July 13, 2009

  • Sedges Have Edges, Kittens Are Soft

    The mnemonic verse is supposed to go:

    Sedges have edges,
    Rushes are round,
    Grasses are hollow,
    Right up from the ground.

    It runs through my mind a lot when I’m outside.  I habitually, even compulsively, identify the things growing around me.  The stuff I generally call “swamp grass,” is sedge.  It spreads by stolons underground.  Out in the muskeg it provides perennial green, whether poking up through the water in times of flood or fading to pale near-yellow in dry times.  In my garden, it invades, competes with my strawberries, rhubarb, chives, onions, etc., and makes work for me.

    Along my driveway, between the house and the road, now that there are seed heads waving atop the stems, identification is easy.  In addition to the water-loving sedge that thrives much better in the muskeg and my irrigated garden than it does in the driveway, I counted five different species of grass, and one rush with heads like little bottle brushes.

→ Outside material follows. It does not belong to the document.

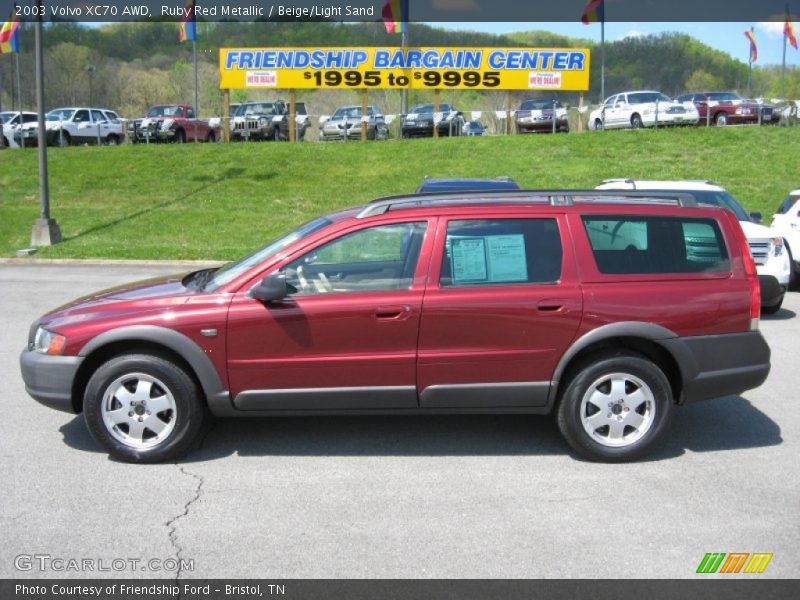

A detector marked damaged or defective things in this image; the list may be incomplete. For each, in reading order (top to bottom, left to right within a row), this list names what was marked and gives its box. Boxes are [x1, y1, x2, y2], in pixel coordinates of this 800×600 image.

asphalt crack [165, 464, 202, 584]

    Sometimes whatever happens to be running thorough my mind becomes muddled with something altogether different.  If you are wondering how soft kittens found their way into the mnemonic verse for grass identification, so am I.  The seven new kittens under my bed probably had something to do with it.  This litter is the first for Colander Piebean, AKA, “Linda.”  She was huge and uncomfortable in the latter weeks of pregnancy, with a belly bulge that more than tripled her usual girth.  She stuck out so far on the sides it looked as if she’d swallowed a football sideways.

    Her voice is rather rough and raucous at best.  Her frequent complaints about the heat and internal pressure, along with her bulbousness, earned her the temporary nickname, “Bagpipe.”  I suppose she’s happy with her kittens.  We seldom see her now, and the only time we hear from her is when we mess with the kittens.

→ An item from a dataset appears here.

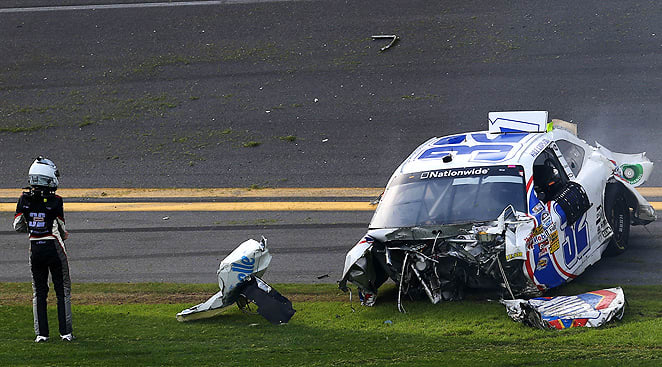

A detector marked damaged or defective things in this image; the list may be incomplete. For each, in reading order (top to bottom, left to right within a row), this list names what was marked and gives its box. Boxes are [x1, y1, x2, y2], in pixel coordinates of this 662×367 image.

    Yesterday, Doug got his head stuck under my low-slung bed frame while dragging kittens out for routine handling and socialization.  I had to lift it off him, and that was complicated by the fact that he was taking up nearly all of the space where I needed to stand to do the lifting.  I stepped on him a couple of times while getting into position.  When I gripped the frame to lift, I gripped some of his hair, too.  When he started backing out, he had to stop and wait for me to get my foot off his shirt.

    Needless to say, all came out well in the end.  The kittens were handled and photographed, then returned to their nest at their mother’s insistence.  Now, Doug has them out again, in a squirmy pile on the bed, with Koji sniffing interestedly and wagging his approval, and Linda strongly suggesting that Doug put the kittens away.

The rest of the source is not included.